-- RECORD EXCERPTS follows --
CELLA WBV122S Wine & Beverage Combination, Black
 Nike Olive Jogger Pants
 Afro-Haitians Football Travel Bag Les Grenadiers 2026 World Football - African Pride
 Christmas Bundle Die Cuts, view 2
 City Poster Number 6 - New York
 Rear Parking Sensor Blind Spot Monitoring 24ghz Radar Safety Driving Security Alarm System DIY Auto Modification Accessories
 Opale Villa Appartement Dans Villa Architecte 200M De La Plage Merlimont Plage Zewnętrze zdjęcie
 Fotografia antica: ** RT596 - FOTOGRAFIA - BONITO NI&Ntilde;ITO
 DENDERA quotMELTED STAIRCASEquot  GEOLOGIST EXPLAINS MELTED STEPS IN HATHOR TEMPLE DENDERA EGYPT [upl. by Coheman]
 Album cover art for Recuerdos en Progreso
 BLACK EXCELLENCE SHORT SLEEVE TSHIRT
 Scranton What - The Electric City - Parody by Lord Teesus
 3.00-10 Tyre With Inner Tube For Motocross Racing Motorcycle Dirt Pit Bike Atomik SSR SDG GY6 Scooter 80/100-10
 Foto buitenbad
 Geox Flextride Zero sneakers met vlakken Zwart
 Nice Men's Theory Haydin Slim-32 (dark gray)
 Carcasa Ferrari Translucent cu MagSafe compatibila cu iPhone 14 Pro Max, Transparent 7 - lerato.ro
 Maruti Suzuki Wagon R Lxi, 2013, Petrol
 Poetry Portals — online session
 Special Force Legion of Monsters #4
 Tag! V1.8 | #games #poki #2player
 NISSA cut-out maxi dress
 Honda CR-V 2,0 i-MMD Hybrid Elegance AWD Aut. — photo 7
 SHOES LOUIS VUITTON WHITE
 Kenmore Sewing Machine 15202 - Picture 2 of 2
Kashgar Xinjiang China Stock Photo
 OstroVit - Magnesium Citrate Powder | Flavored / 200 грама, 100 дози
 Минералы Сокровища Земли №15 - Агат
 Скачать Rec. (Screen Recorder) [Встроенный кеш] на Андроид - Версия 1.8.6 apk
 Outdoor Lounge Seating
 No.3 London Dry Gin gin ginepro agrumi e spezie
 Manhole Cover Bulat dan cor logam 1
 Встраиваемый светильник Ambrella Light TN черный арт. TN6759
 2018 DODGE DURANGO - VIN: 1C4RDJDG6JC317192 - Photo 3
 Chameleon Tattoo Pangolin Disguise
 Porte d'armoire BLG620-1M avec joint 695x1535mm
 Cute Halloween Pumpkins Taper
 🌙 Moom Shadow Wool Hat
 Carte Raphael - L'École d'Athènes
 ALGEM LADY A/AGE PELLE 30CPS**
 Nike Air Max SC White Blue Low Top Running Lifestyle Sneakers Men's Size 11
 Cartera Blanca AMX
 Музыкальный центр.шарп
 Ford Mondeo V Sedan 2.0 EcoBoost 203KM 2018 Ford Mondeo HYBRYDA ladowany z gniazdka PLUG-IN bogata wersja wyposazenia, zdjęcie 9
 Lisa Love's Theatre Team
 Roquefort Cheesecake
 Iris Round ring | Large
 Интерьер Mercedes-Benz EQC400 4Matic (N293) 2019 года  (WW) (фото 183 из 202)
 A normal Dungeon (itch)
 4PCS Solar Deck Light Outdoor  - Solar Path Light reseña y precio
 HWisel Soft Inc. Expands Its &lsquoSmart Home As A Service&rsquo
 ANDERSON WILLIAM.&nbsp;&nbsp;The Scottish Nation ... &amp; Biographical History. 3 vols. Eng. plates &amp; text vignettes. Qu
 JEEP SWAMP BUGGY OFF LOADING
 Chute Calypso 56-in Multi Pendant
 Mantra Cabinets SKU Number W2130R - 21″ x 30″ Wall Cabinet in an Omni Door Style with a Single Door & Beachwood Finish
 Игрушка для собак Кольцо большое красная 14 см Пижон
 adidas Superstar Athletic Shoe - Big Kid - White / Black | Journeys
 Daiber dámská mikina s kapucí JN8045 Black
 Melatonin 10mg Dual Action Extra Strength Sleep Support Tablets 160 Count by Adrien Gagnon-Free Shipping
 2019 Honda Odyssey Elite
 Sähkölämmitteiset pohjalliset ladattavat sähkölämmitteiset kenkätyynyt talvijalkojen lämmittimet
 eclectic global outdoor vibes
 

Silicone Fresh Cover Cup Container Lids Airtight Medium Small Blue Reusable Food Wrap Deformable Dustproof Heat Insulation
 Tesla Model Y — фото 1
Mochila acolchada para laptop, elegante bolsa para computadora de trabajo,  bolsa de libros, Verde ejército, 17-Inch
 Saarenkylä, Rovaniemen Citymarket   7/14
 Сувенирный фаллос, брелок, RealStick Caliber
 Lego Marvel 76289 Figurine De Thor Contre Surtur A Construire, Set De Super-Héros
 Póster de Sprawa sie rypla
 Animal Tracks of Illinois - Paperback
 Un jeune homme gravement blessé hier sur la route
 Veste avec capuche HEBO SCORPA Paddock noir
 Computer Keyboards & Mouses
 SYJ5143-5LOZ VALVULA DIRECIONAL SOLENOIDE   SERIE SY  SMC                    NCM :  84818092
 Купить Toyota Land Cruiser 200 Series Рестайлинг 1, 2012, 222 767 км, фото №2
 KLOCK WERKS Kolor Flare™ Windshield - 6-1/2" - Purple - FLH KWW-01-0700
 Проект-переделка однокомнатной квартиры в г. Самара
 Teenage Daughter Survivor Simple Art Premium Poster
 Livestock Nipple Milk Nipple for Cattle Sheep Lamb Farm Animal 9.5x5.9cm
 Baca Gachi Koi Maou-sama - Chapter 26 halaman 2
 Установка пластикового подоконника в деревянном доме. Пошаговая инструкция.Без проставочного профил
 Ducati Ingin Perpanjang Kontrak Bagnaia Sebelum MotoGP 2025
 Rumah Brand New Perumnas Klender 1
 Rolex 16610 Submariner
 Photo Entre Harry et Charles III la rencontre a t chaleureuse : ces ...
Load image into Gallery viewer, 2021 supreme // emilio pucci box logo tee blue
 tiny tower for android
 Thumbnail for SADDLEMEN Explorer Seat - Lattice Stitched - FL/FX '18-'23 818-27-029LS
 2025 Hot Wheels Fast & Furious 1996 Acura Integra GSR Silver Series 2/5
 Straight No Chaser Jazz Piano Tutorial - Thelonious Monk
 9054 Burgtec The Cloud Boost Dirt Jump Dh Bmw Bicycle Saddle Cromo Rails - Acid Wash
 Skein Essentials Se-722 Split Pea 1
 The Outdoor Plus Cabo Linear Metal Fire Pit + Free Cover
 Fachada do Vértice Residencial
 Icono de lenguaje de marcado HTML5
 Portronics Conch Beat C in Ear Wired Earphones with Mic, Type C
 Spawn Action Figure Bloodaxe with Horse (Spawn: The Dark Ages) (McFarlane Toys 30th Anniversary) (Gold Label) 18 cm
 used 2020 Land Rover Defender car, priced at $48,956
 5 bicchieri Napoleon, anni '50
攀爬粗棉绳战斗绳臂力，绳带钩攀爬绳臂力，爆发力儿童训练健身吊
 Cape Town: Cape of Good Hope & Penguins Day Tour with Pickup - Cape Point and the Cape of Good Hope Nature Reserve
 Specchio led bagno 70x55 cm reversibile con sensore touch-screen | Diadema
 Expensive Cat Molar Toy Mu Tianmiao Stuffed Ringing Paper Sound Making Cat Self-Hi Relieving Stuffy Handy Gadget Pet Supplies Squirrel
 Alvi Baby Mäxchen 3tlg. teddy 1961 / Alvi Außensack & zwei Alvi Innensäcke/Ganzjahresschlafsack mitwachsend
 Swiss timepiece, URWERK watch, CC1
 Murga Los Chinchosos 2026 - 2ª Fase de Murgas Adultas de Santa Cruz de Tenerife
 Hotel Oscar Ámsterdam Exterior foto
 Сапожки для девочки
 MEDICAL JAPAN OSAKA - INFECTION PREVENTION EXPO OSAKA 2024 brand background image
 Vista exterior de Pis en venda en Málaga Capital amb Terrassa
-- RECORD EXCERPTS concluded --
▶ EXERCISE
Begin with the line holding "Murga Los Chinchosos" and end with the last line of the material. Copy all of them exactly.

▶ THE COMPLETED TASK
 Murga Los Chinchosos 2026 - 2ª Fase de Murgas Adultas de Santa Cruz de Tenerife
 Hotel Oscar Ámsterdam Exterior foto
 Сапожки для девочки
 MEDICAL JAPAN OSAKA - INFECTION PREVENTION EXPO OSAKA 2024 brand background image
 Vista exterior de Pis en venda en Málaga Capital amb Terrassa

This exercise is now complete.